Levelling up and the gender gap
Closing the conservative party conference last month, Boris Johnson set out his ambition for ‘uniting and levelling up across the UK.’ He stated that addressing inequalities between and within regions is ‘not just a question of social justice, it is an appalling waste of potential and it is holding this country back.’
It is true that regional inequalities in the UK are significant. For example, in 2018 the South East was 50% more productive than the North East. These inequalities reflect differences in industries, ability to attract high-value businesses and a history of underinvestment among other things. It follows that addressing these inequalities and investing in our less productive areas would help boost our national economy.
However, the government’s focus on inequality between places risks masking other forms of inequality. Inequalities between groups of people, such as those based on race, gender or disability, continue to exist with little focus from the government on addressing them. Similarly to regional inequality, addressing these issues would improve the life chances of many and unlock productive potential across the economy.

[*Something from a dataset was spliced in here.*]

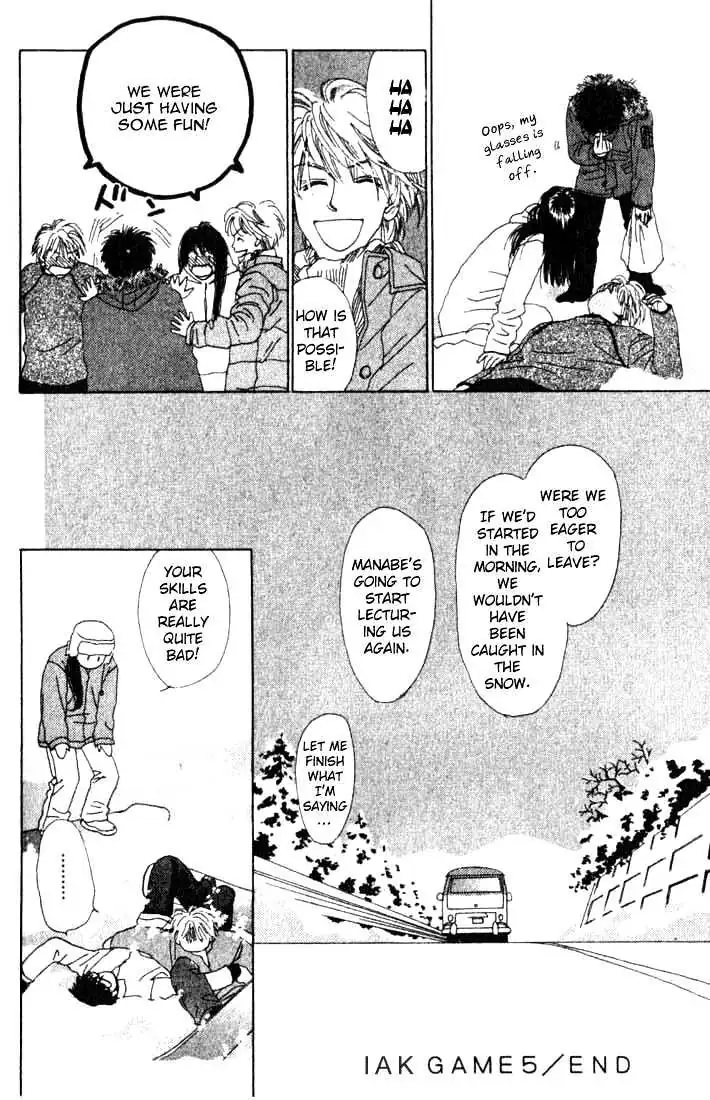 Isshou Asonde Kurashitai Chapter 4 page 79 -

Levelling up gender equality
Despite decades of progress securing fairer treatment for women, large inequalities still exist between men and women in the UK. In April 2020, the national median weekly pay for female employees was £543 compared to £619 for men. The employment rate for women was 9% lower than the male employment rate and women were less likely to run a business. These inequalities were exasperated by the COVID-19 pandemic when women were more likely than men to experience loss of income, worsening mental health, increases in caring responsibilities and abuse.
Considering this, it is unsurprising that a focus on closing the gender gap could offer our economy a significant boost. Analysis by the McKinsey Institute found that addressing gender inequality in work could add 840,000 more employees to the workforce and an extra £150 billion to our GDP forecasts for 2025.

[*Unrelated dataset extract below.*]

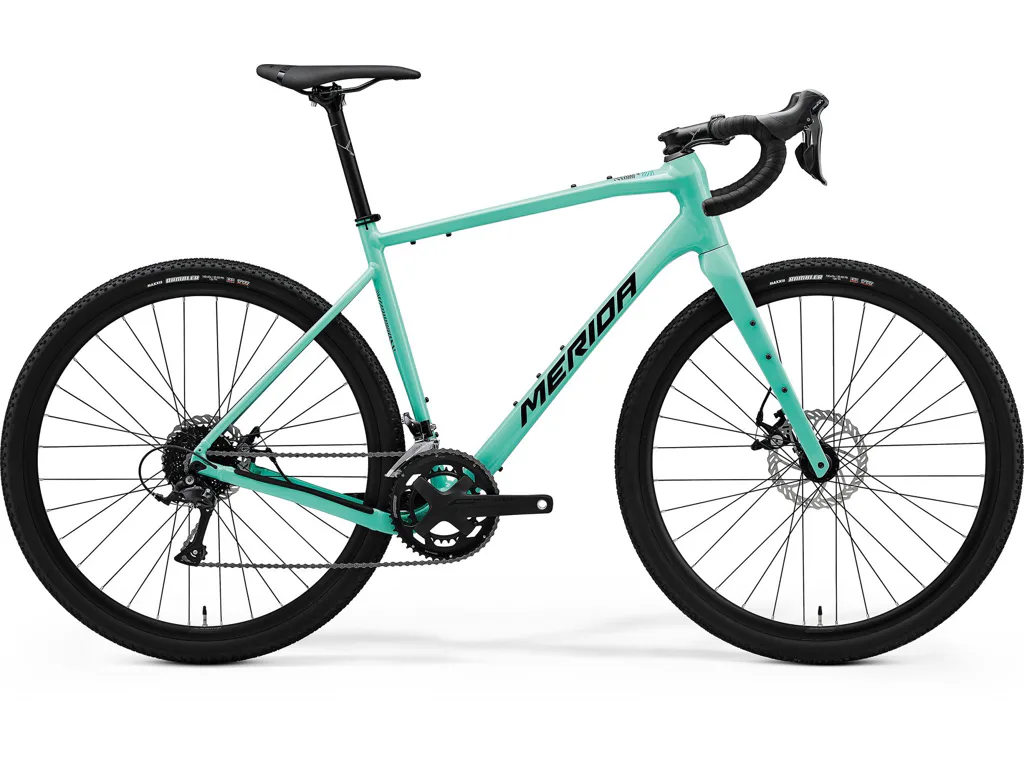 MERIDA SILEX 200 Crayon Teal(Black/Teal) XL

Addressing gender equality would be good for our national economy however it is not just a national issue. Women’s economic empowerment varies across regions. The North and the Midlands are among the regions with the lowest female employment rates. It is these areas and areas considered to be ‘left behind’ that have the most to gain from gender equality. So, if Boris is serious about solving ‘the national productivity puzzle’, gender equality is surely a good place to start.

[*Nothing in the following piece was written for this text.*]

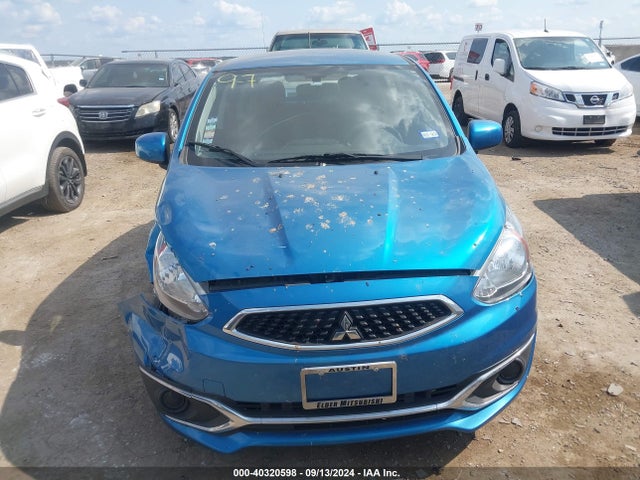 ML32A3HJ5LH001691 Mitsubishi Mirage Es/se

What would ‘levelling up’ gender equality look like?
The government’s ‘Levelling Up’ agenda thus far seems to be focused on investing in physical infrastructure in areas that have historically lacked investment. This is important to ensure access to public services, employment opportunities and to restore civic pride in local high streets. Evidence suggests that investment in travel infrastructure may also be good for gender equality. In fact, women are a third more likely to travel by bus than men. Furthermore, the demise of the high street and store closures during COVID-19 disproportionately affected women due to their over representation in the retail industry. Therefore, investment in this area is likely to support women’s employment.
In order to truly tackle inequality, the government must also consider the importance of investing in social infrastructure. For example, any strategy to level up productivity and employment must consider the importance of investing in free, high-quality childcare. Throughout the pandemic, school closures made it difficult for many to keep working, with one third of mothers on a low income reporting that they had nobody to ask for support. This highlights the precarious reality for many parents who are balancing work with the high costs of childcare. Analysis by the Women’s Budget Group suggests that an investment in free childcare would create 1.7 million full-time jobs and increase women’s employment by 6.4%.
Another way to improve women’s productivity is to invest in social care. Women make up around 82% of social care employees. Many of these employees are on 0-hour or insecure work contracts. Greater investment in and regulation of social care would provide the many women employed in this sector the financial security and employment rights they deserve. Furthermore, women make up 72% of those receiving the Carer’s Allowance and provide the majority of unpaid, informal care work. An increase in the provision of state-funded care would reduce the burden experienced by many women, allowing them to enter the work force or increase their working hours. The recent social care reforms will hopefully go some way towards addressing this, however, greater investment is needed in the short-term to support women’s economic recovery from the pandemic.
Education & industry
Investing in Net Zero industries appears to be an important factor of Boris Johnson’s ‘Levelling Up’ agenda. Investment in Net Zero jobs has the potential to regenerate many of the UK’s less productive regions. However, unless careful consideration is given to the gender parity of these new opportunities there is a risk that progress will further exacerbate inequality between men and women. This is because men are more likely to study STEM subjects and go on to be employed in these industries. Findings from the Government’s Work and Opportunities for Women (WOW) programme stress the importance of improving women’s participation in STEM subjects and incentivising companies in this sector to hire more women.
It is clear that swift and robust action is needed to tackle inequalities in the UK and Boris Johnson’s ‘Levelling Up’ agenda has the potential to go some way towards achieving this. However, the government must broaden their view of who is ‘left behind’. Greater focus on gender equality and an investment in some of the above key areas would go a long way toward improving productivity to unite and level up the country.